Studio album by Excessive Force
- Released: 1993
- Genre: Industrial
- Length: 48:30
- Label: Wax Trax! Records, TVT Records
- Producer: Sascha Konietzko, Chris Shepard

Excessive Force chronology
| Conquer Your World (1991) | Gentle Death (1993) |  |

= Gentle Death =

Gentle Death is a 1993 album by Excessive Force, a KMFDM side project.

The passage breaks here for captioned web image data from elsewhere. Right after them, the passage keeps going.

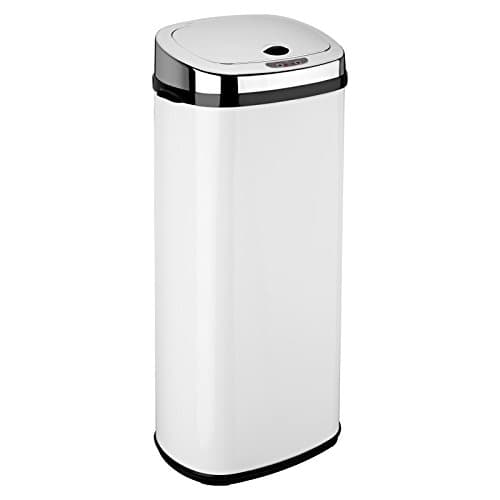 Image of Rect 50L Stainless Steel Auto Sensor Kitchen Waste Dust Bin Automatic Motor White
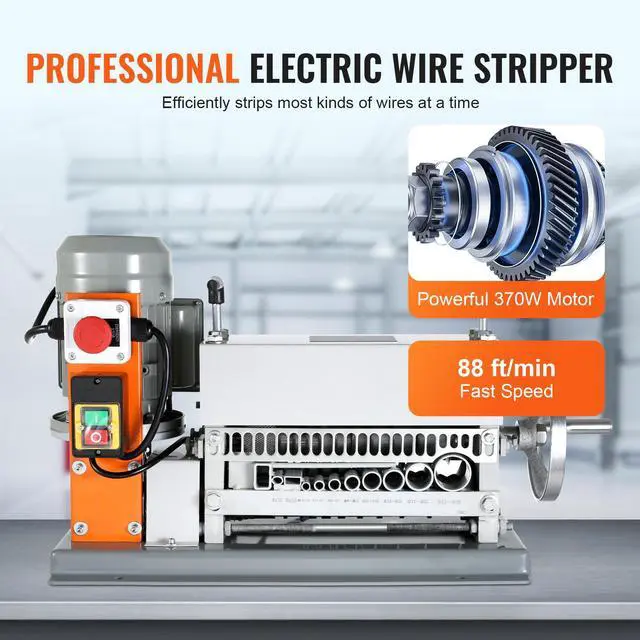 Alt view image 10 of 15 - VEVOR Automatic Wire Stripping Machine, 0.06''-1.42'' Electric Motorized Cable Stripper, 370 W, 88 ft/min Wire Peeler with An Extra Manual Crank, 11 Channels for Scrap Copper Recycling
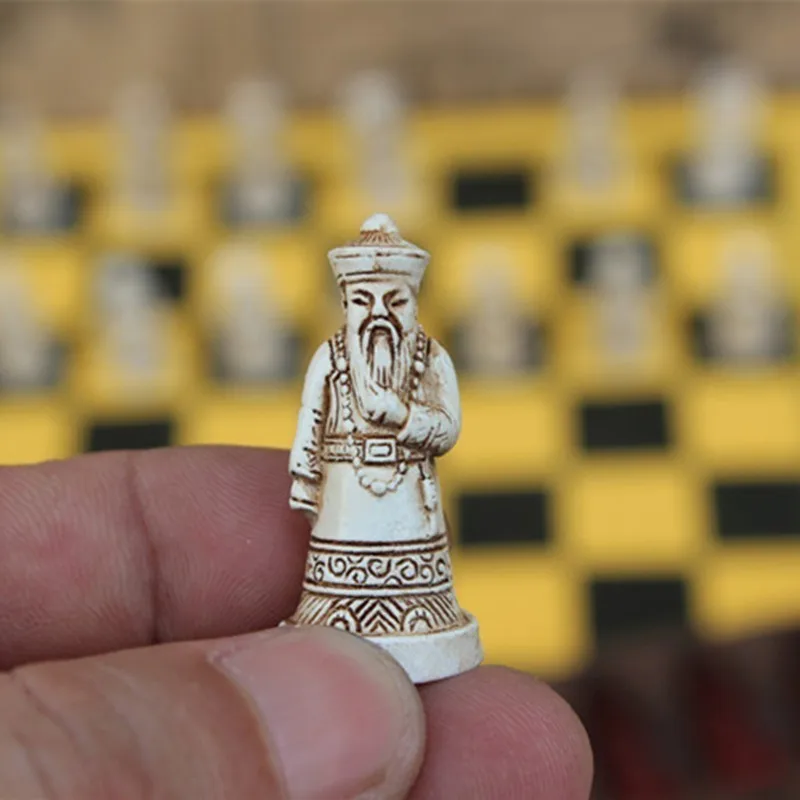 Chess Pieces and Board Antique Leather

On November 6, 2007, this album was re-released with remastered audio as well as the "Blitzkrieg" single as bonus tracks.

==Track listing==

| No. | Title | Length |
|---|---|---|
| 1. | "Violent Peace (Bitch Mix)" | 4:44 |
| 2. | "Blitzkrieg (Sturzkampf)" | 3:27 |
| 3. | "Divebomb" | 6:04 |
| 4. | "Gentle Death" | 5:02 |
| 5. | "Pigfaced" | 5:12 |
| 6. | "Desperate State" | 6:30 |
| 7. | "Queen Bitch" | 3:53 |
| 8. | "Leather Clad Dub" | 5:36 |
| 9. | "Blitzkrieg (Reprise)" | 4:07 |
| 10. | "Stormraiser" | 3:46 |
| Total length: |  | 48:30 |

2007 reissue bonus tracks
| No. | Title | Length |
|---|---|---|
| 11. | "Violent Peace" | 5:47 |
| 12. | "Blitzkrieg" | 6:18 |
| 13. | "Leather Clad Warrior" | 6:20 |
| Total length: |  | 66:55 |

==Personnel==
- Sascha Konietzko – vocals, programming, and drums
- Günter Schulz – guitar (2, 8, 9, 12, 13)
- Mark Durante – guitar (3–5)
- En Esch – guitar (6)
- Liz Torres – vocals (1, 6, 7, 11)
- George Booker – vocals (6)
- Evie Camp – vocals (3, 4)
- Meechie Faire – vocals (5)

==Reception==
The Trouser Press Guide to '90s Rock wrote that it "plays like a half finished KMFDM album".